(EXERCISE DATA)
***
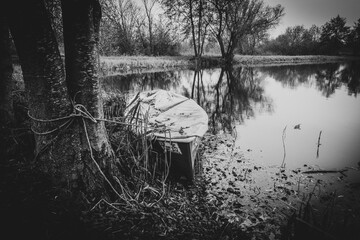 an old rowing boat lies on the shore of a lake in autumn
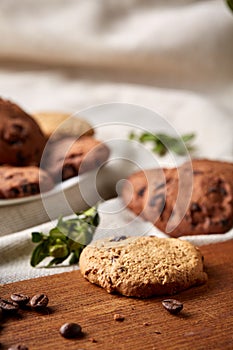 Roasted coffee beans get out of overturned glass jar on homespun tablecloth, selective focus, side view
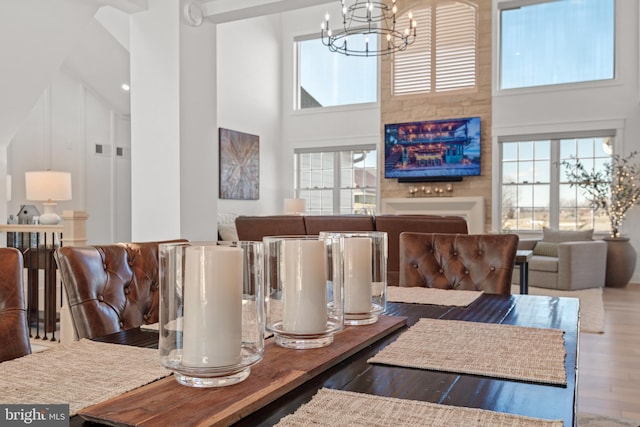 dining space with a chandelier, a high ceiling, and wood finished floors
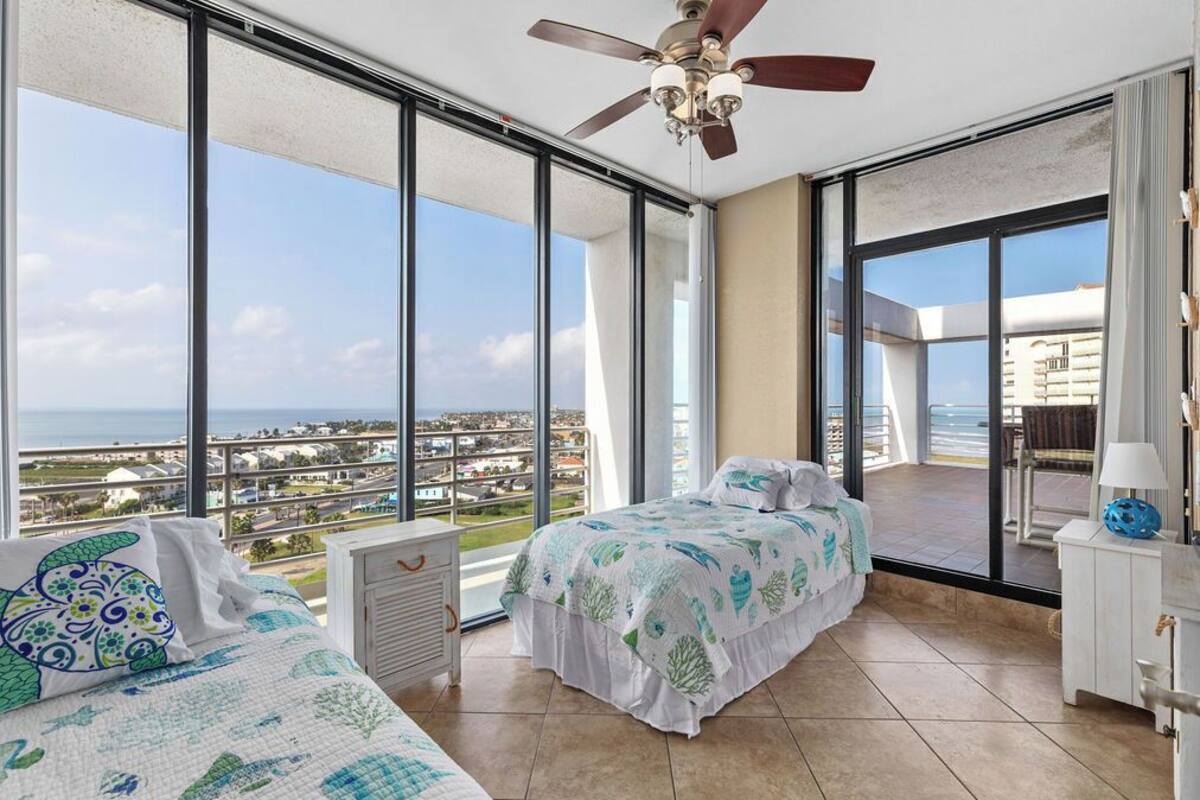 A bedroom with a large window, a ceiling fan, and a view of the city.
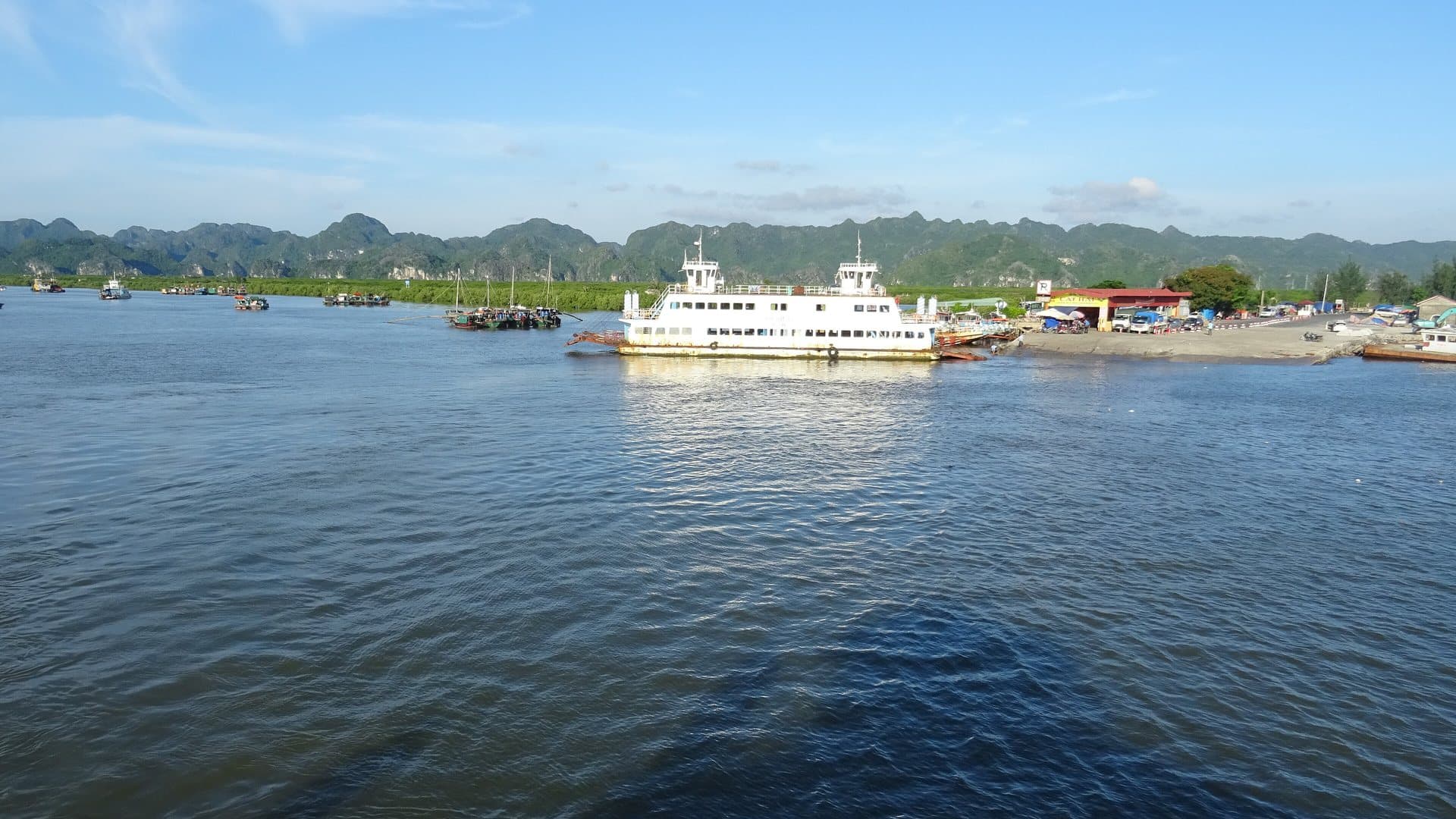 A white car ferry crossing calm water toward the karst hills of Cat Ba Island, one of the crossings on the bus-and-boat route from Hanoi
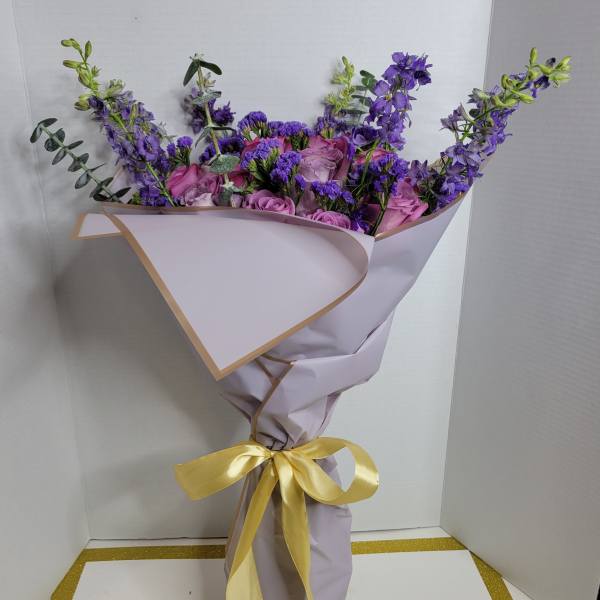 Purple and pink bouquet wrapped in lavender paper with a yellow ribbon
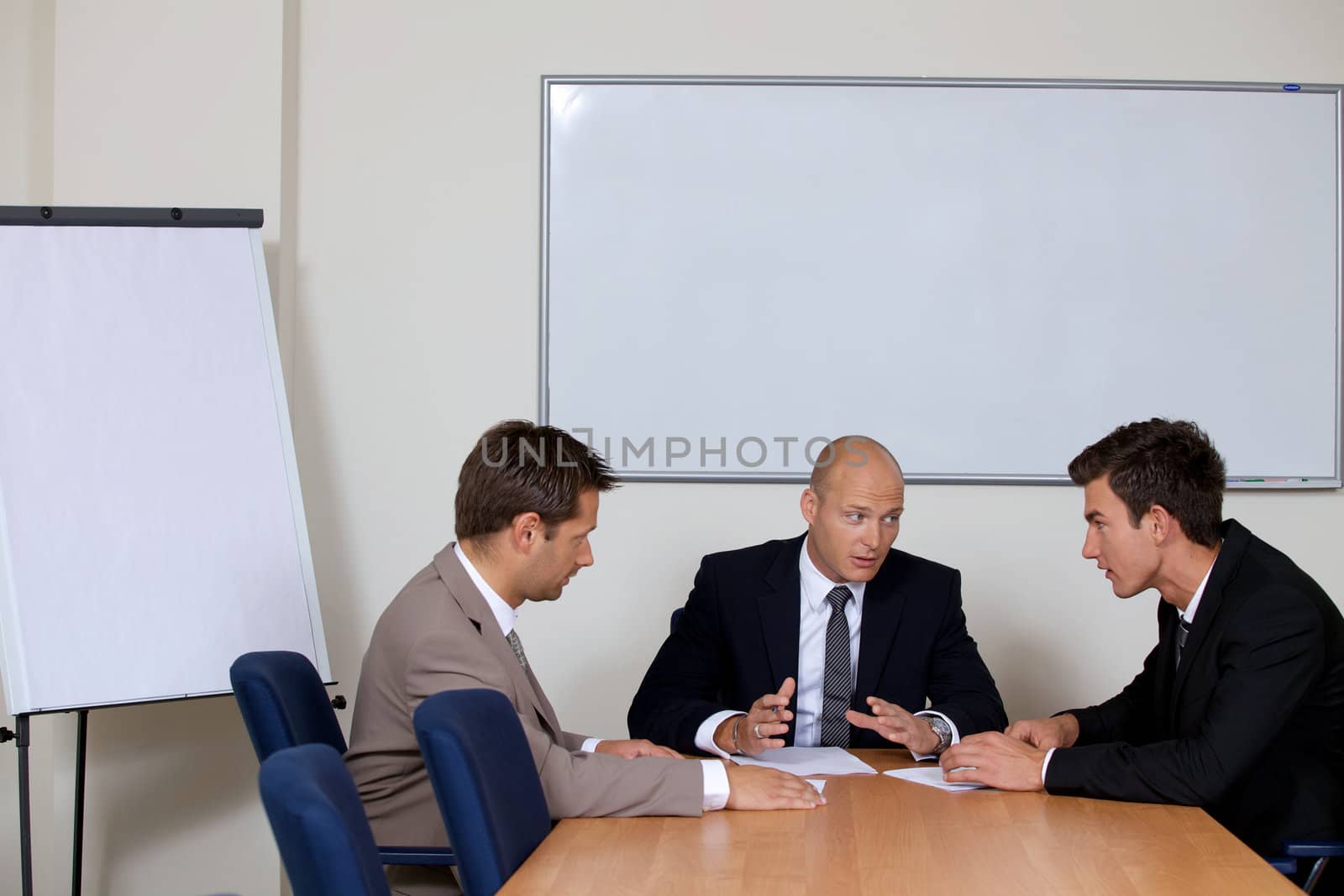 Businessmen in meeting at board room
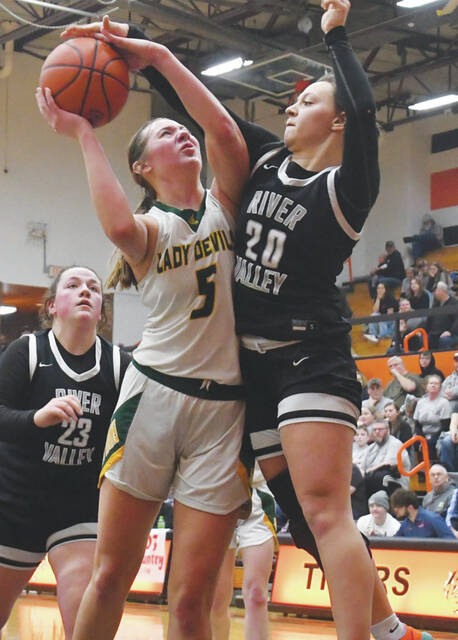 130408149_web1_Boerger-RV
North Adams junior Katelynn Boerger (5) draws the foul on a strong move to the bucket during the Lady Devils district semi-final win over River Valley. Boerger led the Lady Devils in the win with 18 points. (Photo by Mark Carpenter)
***
(WHAT TO WORK ON) Please copy exactly the lines from the one containing "Purple and pink" through the last line of the records above, both included, and leave out any pictures.

(RESPONSE)
 Purple and pink bouquet wrapped in lavender paper with a yellow ribbon
 Businessmen in meeting at board room
 130408149_web1_Boerger-RV
North Adams junior Katelynn Boerger (5) draws the foul on a strong move to the bucket during the Lady Devils district semi-final win over River Valley. Boerger led the Lady Devils in the win with 18 points. (Photo by Mark Carpenter)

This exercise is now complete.